The getName() method is just an identifier for your Service, typically the fully-qualified class name or something similar that will be unique and easy to use in identifying your Service. The ready() method is called on all Services in turn once all the Services have been constructed. It's basically a notification that the system is finished setting up, and your final chance to bail if there are any last-minute problems getting setup. The shutdown() method, unsurprisingly, is called when the local node is shutting down. You can take as long as you need to shut down, but if for any reason you can't finish shutting down, then you can return false.

The only thing left is to get your Service started. To do this, you use the property, which is a colon-separated list of Services to include on startup. Make sure your Service implementation is in your classpath, and then specify the fully qualified class name to the property, either in your application's property file or on the command-line:

That's it. You've got a Service implemented, setup and running in the stack. Any other Service can resolve it, and use the functionality that it exports. Of course, our Service doesn't do much at this point. Let's work on that.

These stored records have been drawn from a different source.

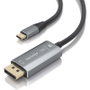 Aisens Cable Conversor Bidireccional USB-C a DisplayPort 8K@60Hz, 1.8m, Negro, Aluminio A109-0880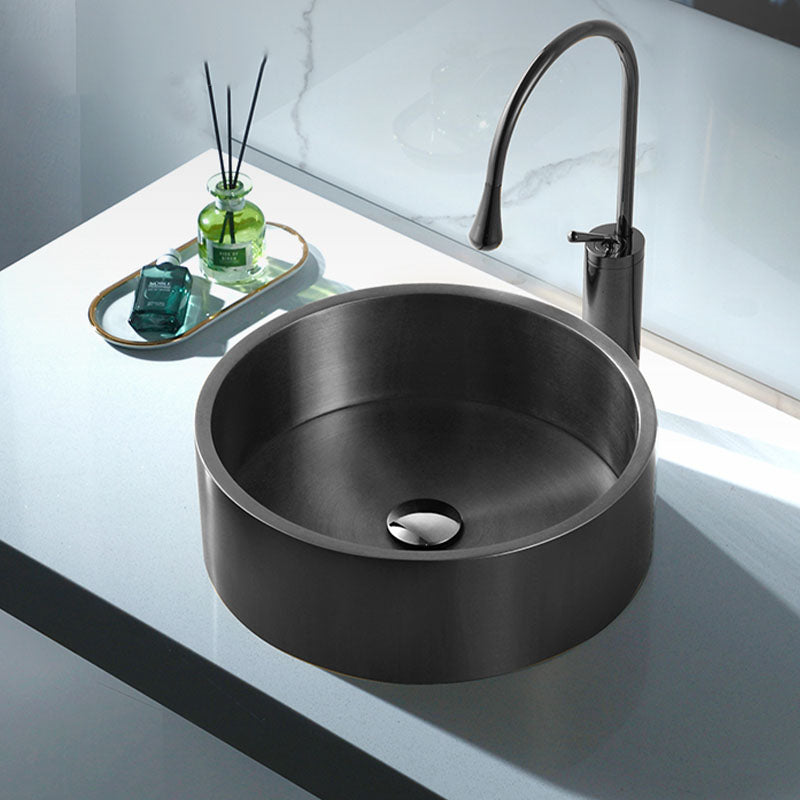 Contemporary Bathroom Sink Metal Round Vessel Bathroom Sink with Pop-Up Drain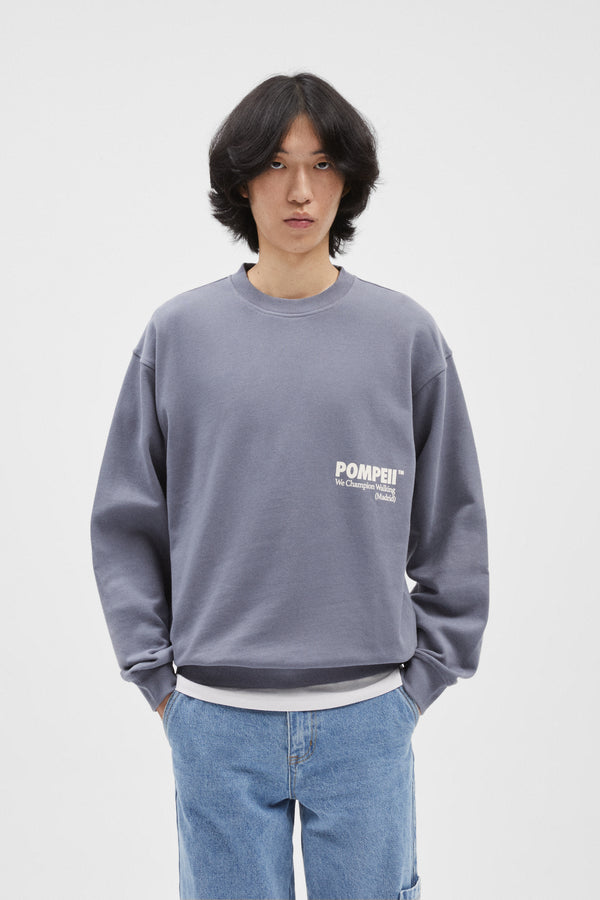 STEEL GREY LOGO CREWNECK SWEAT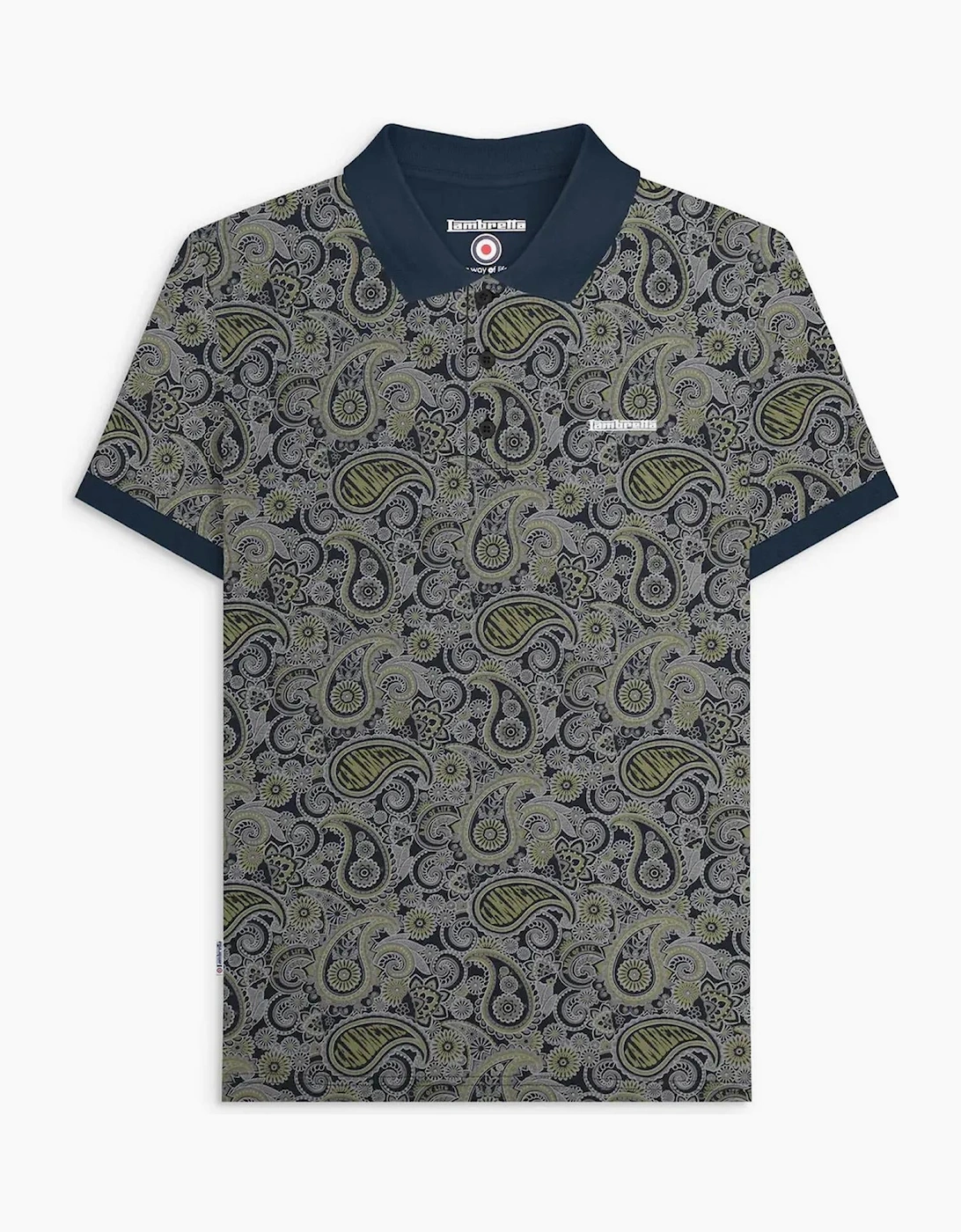 Lambretta Mens Paisley Brand Three Button Retro Polo Shirt Top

Suppose you are building some infrastructure around Darkstar, including a web interface where players can login to chat, post to forums, etc. It would be nice to allow players who are in-game know when friends are logged into the web site, since then they could chat back and forth, invite the friends to login to the game, etc. There are lots of ways to accomplish this, but in the spirit of trying to come up with an example that shows most aspects of writing a Service, let's assume that you want to do this by calling out to the web site to get the player's status. The model we'll assume here is that there's a known URL you can query that will return a boolean representing the status. Pretty simplistic, but not too unreasonable, eh? (work with me here...)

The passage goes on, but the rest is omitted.